Malgré sa fragilité apparente et sa santé précaire, Eliška Krásnohorská est pendant une grande partie de sa vie une personnalité qui s’exprime avec pertinence et courage sur les problèmes littéraires, mais aussi sur les affaires publiques. Elle poursuit aussi l’œuvre de son amie Karolína Svetlá, partage ses idées féministes et se lance dans le combat pour le droit des femmes à l’instruction. L’anthologie de Libuše Heczková reflète également les réactions à cette importante partie de ses activités :

« Les contemporains d’Eliška Krásnohorská se sont divisés dès le début en deux camps. La moitié composée de femmes mais aussi de certains hommes louait ses activités, l’autre moitié les condamnait sans merci. (…) Pendant toute sa vie, Eliška a agacé beaucoup d’hommes et de femmes aussi parce qu’elle était vraiment impertinente. Ses articles et ses propos sur ses ennemis étaient insolents car souvent elle n’était pas très diplomatique. D’autre part, elle savait très bien susciter le respect pour ses activités et c’est sans doute pour cette raison qu’elle a réussi à inaugurer à Prague, après dix ans d’efforts, le premier lycée de jeunes filles tchèque Minerva. Elle a eu recours à toutes les possibilités que lui offrait sa situation dans la vie publique et même à des stratagèmes secrets pour pouvoir réaliser ce projet qui était son initiative privée. »

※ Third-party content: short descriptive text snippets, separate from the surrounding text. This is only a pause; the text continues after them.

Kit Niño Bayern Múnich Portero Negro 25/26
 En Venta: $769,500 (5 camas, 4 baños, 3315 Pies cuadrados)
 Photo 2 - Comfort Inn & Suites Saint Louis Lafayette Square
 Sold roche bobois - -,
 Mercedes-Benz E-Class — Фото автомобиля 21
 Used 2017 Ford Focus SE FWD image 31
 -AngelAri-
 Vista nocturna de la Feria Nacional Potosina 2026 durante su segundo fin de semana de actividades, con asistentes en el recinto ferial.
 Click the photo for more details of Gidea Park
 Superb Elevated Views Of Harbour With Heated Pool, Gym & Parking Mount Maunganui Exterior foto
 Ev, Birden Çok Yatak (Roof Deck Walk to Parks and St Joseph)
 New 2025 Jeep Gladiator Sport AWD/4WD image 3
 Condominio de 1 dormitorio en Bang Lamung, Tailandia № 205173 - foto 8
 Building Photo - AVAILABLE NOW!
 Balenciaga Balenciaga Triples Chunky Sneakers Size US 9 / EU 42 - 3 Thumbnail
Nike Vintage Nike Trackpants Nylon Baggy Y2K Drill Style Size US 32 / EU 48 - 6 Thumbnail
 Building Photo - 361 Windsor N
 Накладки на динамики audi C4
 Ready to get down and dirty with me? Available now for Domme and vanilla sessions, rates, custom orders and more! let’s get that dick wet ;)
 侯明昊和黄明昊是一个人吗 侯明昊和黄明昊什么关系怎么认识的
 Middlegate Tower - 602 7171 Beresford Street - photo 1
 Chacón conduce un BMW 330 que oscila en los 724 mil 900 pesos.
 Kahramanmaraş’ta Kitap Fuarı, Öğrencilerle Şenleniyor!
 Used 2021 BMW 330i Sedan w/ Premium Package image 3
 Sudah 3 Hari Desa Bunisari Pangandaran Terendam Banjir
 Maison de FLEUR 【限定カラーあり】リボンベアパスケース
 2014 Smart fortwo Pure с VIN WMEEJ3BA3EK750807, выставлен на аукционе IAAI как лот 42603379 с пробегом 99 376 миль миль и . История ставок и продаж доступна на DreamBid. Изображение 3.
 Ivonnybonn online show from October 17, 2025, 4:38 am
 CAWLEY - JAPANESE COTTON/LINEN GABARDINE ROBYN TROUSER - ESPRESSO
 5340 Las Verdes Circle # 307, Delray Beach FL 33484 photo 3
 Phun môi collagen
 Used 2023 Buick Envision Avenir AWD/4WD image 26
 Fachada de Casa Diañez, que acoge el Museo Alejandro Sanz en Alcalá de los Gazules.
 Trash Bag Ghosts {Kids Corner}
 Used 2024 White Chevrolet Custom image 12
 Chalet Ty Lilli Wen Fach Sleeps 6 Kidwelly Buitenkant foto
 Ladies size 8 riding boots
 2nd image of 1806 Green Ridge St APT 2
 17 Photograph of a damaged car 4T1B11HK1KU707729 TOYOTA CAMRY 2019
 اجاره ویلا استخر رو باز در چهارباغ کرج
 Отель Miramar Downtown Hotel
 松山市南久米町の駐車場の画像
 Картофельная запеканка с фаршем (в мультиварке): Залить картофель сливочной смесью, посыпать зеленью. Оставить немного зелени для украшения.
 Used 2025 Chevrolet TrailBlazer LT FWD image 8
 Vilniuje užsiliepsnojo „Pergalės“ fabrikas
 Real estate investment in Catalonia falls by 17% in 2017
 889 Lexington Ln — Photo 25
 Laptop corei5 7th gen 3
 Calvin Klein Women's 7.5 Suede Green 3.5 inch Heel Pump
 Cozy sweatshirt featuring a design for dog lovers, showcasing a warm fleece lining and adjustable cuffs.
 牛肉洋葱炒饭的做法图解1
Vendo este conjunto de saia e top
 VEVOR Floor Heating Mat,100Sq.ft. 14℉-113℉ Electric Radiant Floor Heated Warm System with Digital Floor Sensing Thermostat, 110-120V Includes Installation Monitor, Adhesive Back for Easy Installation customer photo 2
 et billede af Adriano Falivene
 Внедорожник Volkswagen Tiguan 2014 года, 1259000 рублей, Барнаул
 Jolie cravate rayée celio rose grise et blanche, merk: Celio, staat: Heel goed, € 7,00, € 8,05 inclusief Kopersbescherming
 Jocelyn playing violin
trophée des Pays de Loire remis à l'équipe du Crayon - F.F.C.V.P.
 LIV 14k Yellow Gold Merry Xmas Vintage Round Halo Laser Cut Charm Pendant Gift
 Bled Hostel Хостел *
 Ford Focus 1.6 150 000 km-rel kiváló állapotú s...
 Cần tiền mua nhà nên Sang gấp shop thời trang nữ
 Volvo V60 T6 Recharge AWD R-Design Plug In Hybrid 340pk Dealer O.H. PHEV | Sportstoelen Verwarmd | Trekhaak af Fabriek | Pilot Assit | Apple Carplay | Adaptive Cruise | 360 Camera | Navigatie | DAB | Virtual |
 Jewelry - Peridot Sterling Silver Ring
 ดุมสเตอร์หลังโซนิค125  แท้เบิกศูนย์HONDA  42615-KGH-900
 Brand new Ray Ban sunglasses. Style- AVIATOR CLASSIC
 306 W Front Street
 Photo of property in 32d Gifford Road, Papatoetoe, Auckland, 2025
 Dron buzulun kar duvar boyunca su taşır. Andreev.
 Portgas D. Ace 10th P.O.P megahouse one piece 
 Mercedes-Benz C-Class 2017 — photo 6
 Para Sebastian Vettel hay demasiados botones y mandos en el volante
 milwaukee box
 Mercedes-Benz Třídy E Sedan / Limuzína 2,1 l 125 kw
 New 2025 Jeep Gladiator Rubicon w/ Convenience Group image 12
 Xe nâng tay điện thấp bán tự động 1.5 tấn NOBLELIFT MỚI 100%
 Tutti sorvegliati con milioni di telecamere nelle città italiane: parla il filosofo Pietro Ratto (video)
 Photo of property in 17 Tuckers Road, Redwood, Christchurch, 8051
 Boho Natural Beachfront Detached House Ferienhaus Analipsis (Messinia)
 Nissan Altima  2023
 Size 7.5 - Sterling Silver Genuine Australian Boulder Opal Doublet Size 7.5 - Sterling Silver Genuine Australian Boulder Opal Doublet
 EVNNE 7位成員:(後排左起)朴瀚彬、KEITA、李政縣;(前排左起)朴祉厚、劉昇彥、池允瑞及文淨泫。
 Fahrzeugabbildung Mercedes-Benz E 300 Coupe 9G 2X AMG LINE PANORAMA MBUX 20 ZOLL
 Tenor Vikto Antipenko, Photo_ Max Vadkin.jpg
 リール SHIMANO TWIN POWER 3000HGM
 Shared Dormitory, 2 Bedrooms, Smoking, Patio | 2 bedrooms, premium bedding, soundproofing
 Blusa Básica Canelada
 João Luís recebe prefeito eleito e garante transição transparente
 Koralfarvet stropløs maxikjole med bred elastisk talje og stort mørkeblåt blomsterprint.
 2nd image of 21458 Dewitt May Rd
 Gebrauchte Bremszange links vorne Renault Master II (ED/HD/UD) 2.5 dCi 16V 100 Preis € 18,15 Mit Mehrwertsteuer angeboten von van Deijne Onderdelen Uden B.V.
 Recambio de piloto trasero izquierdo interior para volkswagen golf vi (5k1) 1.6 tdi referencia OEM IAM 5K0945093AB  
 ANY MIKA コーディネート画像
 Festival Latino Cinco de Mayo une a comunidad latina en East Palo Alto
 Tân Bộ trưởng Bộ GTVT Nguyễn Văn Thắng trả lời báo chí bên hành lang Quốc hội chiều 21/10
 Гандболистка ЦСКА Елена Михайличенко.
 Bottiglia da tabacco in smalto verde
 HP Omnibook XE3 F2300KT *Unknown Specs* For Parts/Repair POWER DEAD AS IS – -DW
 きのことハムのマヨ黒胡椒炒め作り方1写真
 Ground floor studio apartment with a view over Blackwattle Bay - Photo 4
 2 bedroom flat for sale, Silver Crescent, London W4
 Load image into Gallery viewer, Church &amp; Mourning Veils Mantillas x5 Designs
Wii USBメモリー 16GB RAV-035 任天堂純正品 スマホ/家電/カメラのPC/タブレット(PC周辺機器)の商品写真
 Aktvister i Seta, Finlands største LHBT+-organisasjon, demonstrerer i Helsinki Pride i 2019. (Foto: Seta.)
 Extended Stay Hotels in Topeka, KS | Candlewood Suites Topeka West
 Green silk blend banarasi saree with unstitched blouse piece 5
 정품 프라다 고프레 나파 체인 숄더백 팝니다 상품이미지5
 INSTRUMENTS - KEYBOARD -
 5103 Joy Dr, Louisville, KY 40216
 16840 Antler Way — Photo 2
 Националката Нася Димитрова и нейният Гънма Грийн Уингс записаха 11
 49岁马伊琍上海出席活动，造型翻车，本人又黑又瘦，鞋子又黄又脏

L'ancien lycée Minerva,  photo: Google Maps
Grâce à cette initiative d’Eliška Krásnohorská, les jeunes filles tchèques peuvent étudier au lycée ce qui leur ouvre aussi l’accès aux études universitaires. Sa persévérance couronnée par cette réussite finit par éveiller le respect même des critiques de son œuvre littéraire.

Vers la fin de sa vie, Eliška Krásnohorská devient un personnage quasi légendaire. Retirée du monde et loin des avant-gardes du début du XXe siècle, elle peut se retourner avec fierté sur son passé et son œuvre car elle a été la figure de proue de deux émancipations, celle de la femme et celle de la langue tchèque.